Peter Wyse Jackson is one of our leading botanists and the author of Ireland's Generous Nature, a cornucopia of stories and images on the uses of our wild plants, recommends a winter trip to Killarney National Park (killarneynationalpark.ie): "With all the rain, liverworts and mosses should be looking spectacular at the moment," he says. To recognise and appreciate the particular intricacies of these tiny plants, you will need a hand lens (see panel) and some background knowledge, but their ambient beauty is available to everyone.

Janice Fuller, an ecologist who develops biodiversity plans for small rural communities, is also primarily a botanist, but for a top natural spectacle in winter she opts for the murmuration of starlings over reed beds in Lough Derg.

As dusk falls many thousands form breathtaking kinetic patterns across the sky before roosting. They are often easily visible from recreational car parks around Portumna – and indeed in many other parts of the country.

She also mentions winter woodlands, where the structures of the bare trees have a distinctive stark beauty.

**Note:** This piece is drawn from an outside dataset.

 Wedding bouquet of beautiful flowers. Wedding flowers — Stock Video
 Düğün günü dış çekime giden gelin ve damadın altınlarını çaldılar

The best guide to identifying leafless trees, and to the myriad of natural life at this season, is probably still the classic Collins Guide to the Countryside in Winter, by Alastair and Richard Fitter, from 1988. If you can find one, it would make a marvellous Christmas present.

Life through a lens: a tool every enthusiast needs

Seasoned botanists will always tell you that you need a hand lens to fully appreciate the complex and beautiful structure of plants.

But nothing prepared me for what I saw when I splashed out €30 on an LED illuminated lens. Seeing the commonest flower through it was like snorkelling for the first time. It plunged me into an unsuspected universe of light and wonder. The familiar became magical.

This sudden intimacy with the sci-fi shapes and vivid colours of stamen and pistil, the viscosity of fluids, the half-hidden curve of an ovary, can feel almost voyeuristic. Small wonder Linnaeus was censured for describing the sexual life of plants in detail: “nine men in the same bride’s chamber, with one woman,” as he put it.

Then you become aware of the myriad other lives within the flower. Tiny insects, much too small to be pollinators, are doing unspeakable things to even smaller insects. Wildlife dramas you have seen before only courtesy of David Attenborough take place under your nose, outside your front door.

There are fewer flowers in winter, of course, but there are numerous seeds to wonder at, each structure like a cathedral close-up. Go on, spoil yourself.